The College Tribune can reveal that University College Dublin has spent over €1.8 million on private security costs since the onset of the COVID-19 pandemic.

Following an FOI request by this newspaper, accounts show security expenditure has increased by 10% since 2018/19 with UCD officials citing the “unprecedented circumstances” of COVID-19, “a locked-down campus requiring much greater levels of security provision” and “pay rate uplifts” across the security industry as chief causes of the inflated budget. 

Despite these claims, the budget for on-campus security has increased steadily since 2014/2015 with an average year-on-year increase of 4.3%. 

These figures emerge in the wake of revelations by the Sunday Mirror that UCD Campus Security are using body cameras to monitor COVID-19 rule compliance in on-campus accommodation.
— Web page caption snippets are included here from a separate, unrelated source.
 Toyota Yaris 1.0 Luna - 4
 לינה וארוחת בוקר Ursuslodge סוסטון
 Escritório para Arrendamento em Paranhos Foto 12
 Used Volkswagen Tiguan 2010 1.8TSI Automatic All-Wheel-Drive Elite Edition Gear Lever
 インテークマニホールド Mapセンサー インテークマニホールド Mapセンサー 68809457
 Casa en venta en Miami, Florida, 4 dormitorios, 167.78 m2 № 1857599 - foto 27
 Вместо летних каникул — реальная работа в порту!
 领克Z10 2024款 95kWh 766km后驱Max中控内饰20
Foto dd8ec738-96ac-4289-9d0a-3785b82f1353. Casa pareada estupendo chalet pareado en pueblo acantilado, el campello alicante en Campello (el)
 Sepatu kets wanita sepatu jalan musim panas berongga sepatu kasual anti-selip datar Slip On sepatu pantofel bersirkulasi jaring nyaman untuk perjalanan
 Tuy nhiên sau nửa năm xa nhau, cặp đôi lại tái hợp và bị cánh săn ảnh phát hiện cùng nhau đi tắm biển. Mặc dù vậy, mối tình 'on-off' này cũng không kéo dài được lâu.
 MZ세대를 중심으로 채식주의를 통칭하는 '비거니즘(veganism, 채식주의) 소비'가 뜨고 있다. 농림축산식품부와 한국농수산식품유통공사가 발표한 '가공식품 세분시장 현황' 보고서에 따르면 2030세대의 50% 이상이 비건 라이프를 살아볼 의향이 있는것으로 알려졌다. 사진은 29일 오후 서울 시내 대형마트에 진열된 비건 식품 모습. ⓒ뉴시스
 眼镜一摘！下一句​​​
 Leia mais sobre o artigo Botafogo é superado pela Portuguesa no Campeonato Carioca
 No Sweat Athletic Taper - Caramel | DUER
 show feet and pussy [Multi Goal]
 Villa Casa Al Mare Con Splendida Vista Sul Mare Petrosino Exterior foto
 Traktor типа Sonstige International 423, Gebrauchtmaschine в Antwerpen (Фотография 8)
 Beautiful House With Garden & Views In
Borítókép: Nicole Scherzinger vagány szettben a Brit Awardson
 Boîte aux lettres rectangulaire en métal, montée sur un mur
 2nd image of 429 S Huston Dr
Their use is governed by the UCD Residential Services’ ‘Policy on the Use of Monitoring Equipment in UCD Residences’. Students must consent to this policy under their ‘licence to reside’ for on-campus accommodation. 

The Policy states the “monitoring equipment” is to “be used only when required or deemed necessary by a member of the UCD Residence Team…to ensure accurate and fair monitoring of incidents or breaches of rules that are serious, potentially dangerous, or which may require documentation for further action”. 

It also provides that Campus Security cannot enter apartments unless requested or accompanied by Residential Assistants, invited in by residents or responding to emergencies. Cameras “will not [be] used inside a bedroom and their use in the apartment “must be identified to the occupants prior to entering”. Any recordings which do not relate to incidents being processed “shall be deleted” and those no longer used to support “ongoing incident[s]” are “deleted within 30 days”. 

Alongside UCD, Dublin City University and the University of Limerick both employ body cameras for campus security while Trinity College Dublin and NUI Maynooth have elected to do without.